Teachers in today’s schools don’t have the time or the manpower to help children achieve their individual genius and potential. To help each child find and master their potential takes individual learning in one on one or small group settings. Teachers also are not equipped or even encouraged to help children facing moral dilemmas. Teachers are not there to help your child stay on the “siratul mustaqeen. (the straight path). Everyday your child is in a “jihad” a struggle against forces that want to take him away from his deen. That struggle may be overt or subtle. But it is a relentless daily pressure, to conform and “be like everyone else.” Is it any wonder, given this unrelenting stress, that many of our children leave the deen by the time they are in college.

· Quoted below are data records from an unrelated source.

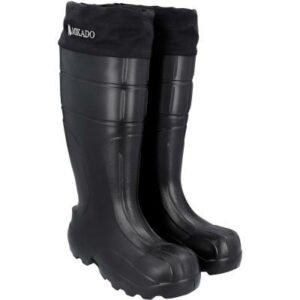 Mikado Stiefel - Mikado North Pole Thermal Größe 41 - Schwarz -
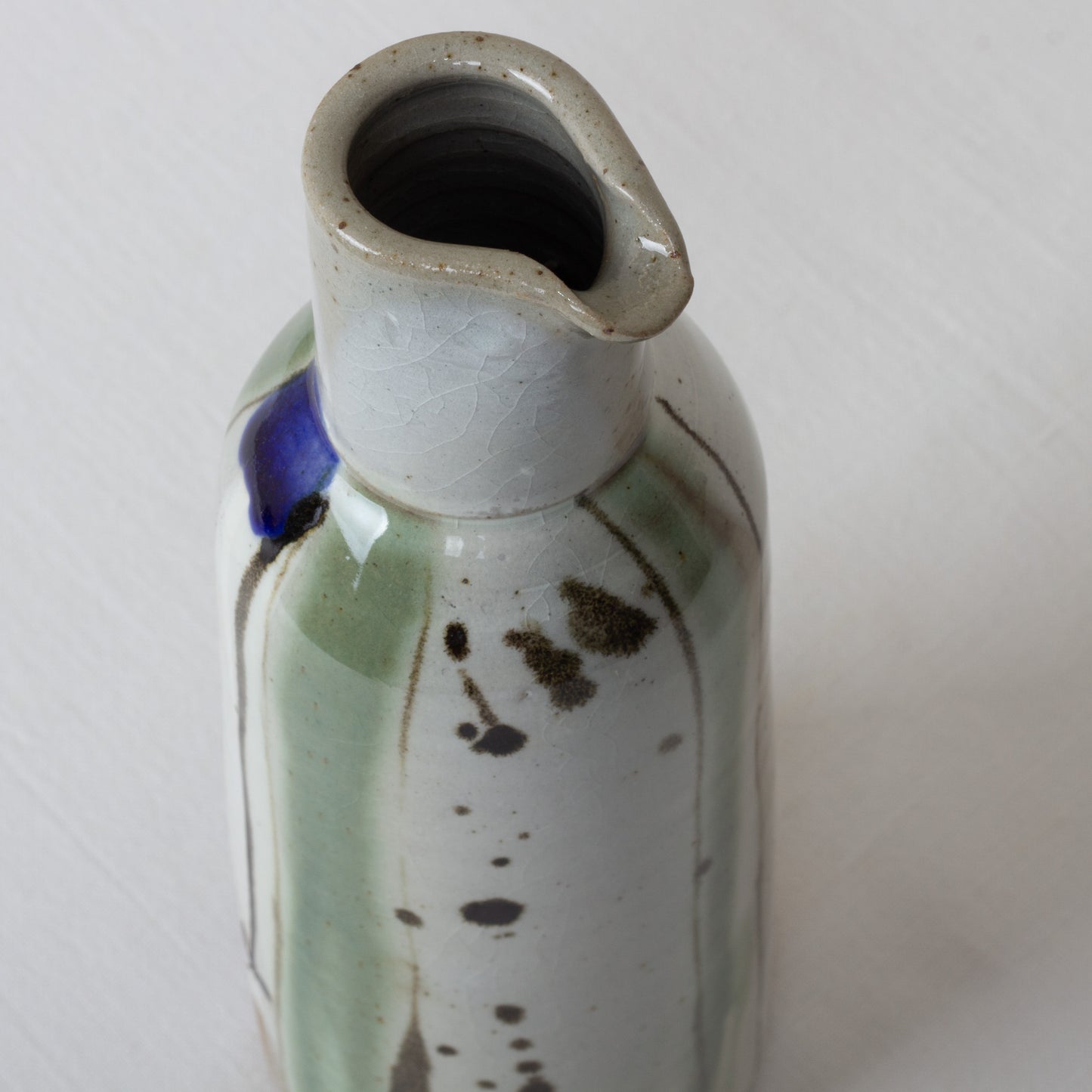 Petite bouteille "Oribé"
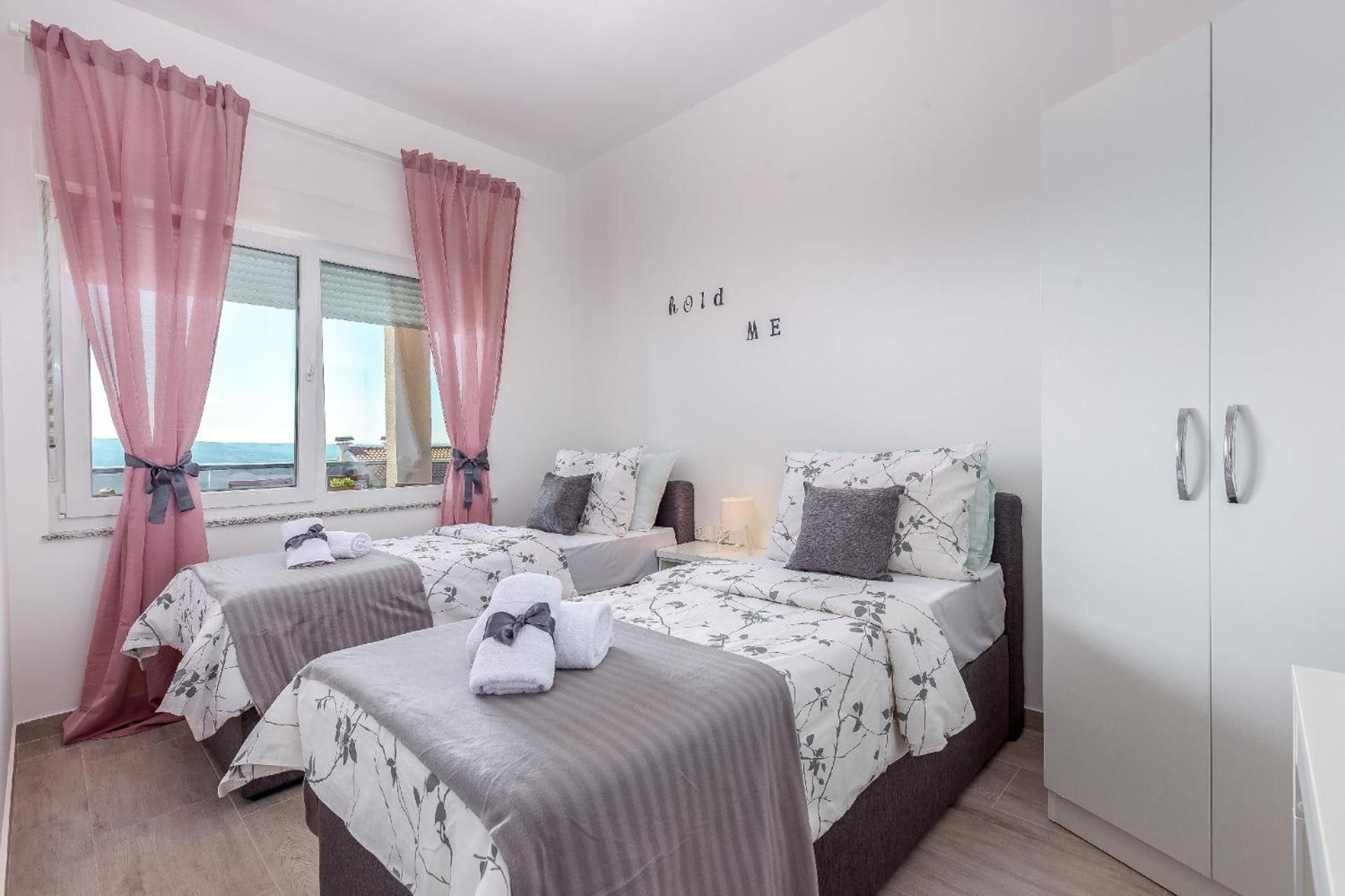 Ferienwohnung für 6 Personen ca 90 m in Dramalj, Adriaküste Kroatien Kvarner Bucht view 4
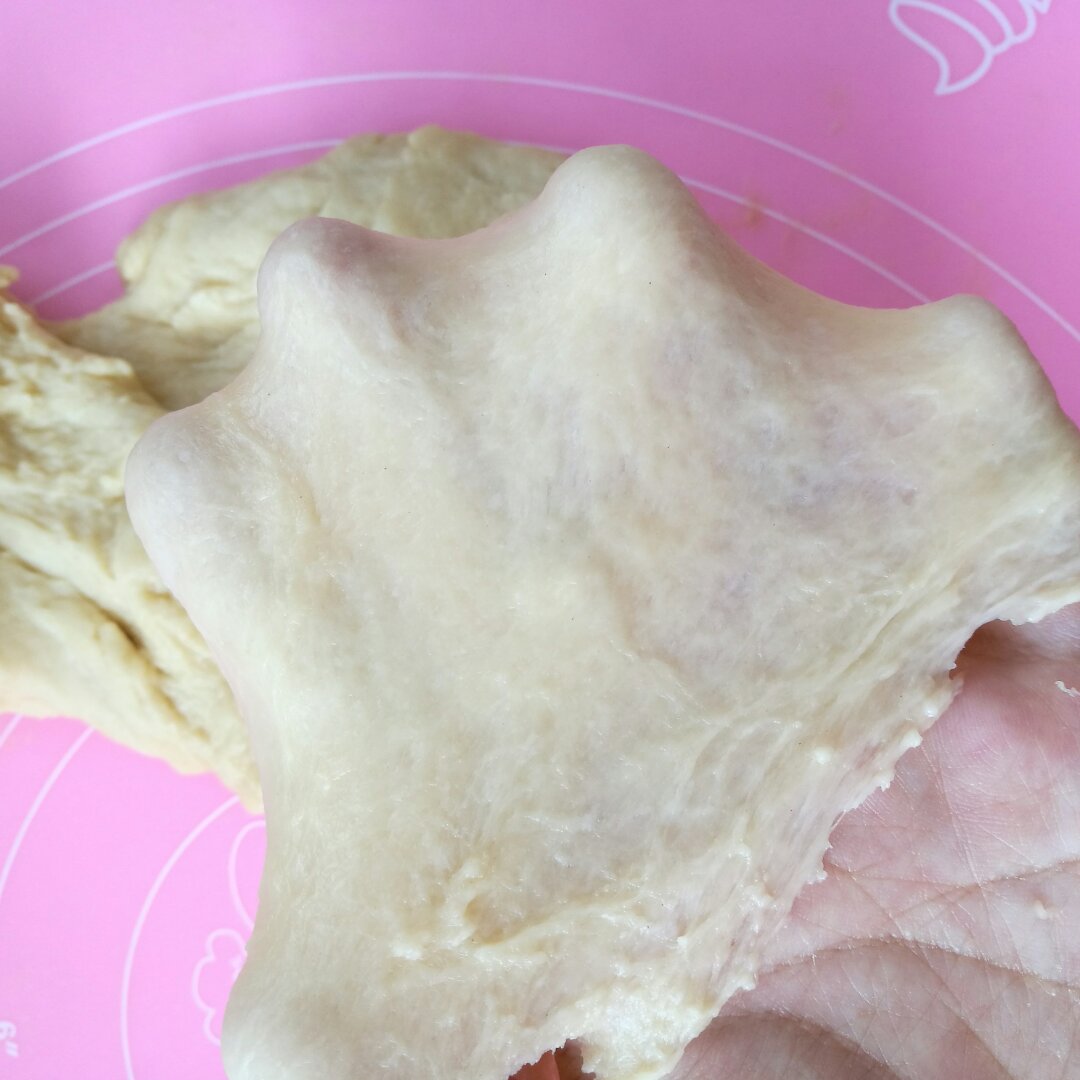 面包十五分钟手套膜及拉丝秘笈(附七岁儿童终极版)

There are many alternatives to the traditional schools that are failing our children so badly. Many communities have full time Islamic schools that educate children very well in safe, smaller settings in an Islamic environment. There are also some private schools which although not Islamic, do provide a safer place to foster true and creative learning. Some times these options are not available, either because of location or expense. Homeschooling can become another possible alternative. Homeschooling is not a good fit for every family. It is not easy. It is time consuming and can cost money. But for those who are able and willing the benefits can be enormous and rewarding.
Should you homeschool your Muslim child? The answer is YES!!! If it will help protect your child’s iman, give them a better academic and Islamic education and provide learning in a safe enviornment. If you can provide these three things then you should homeschool.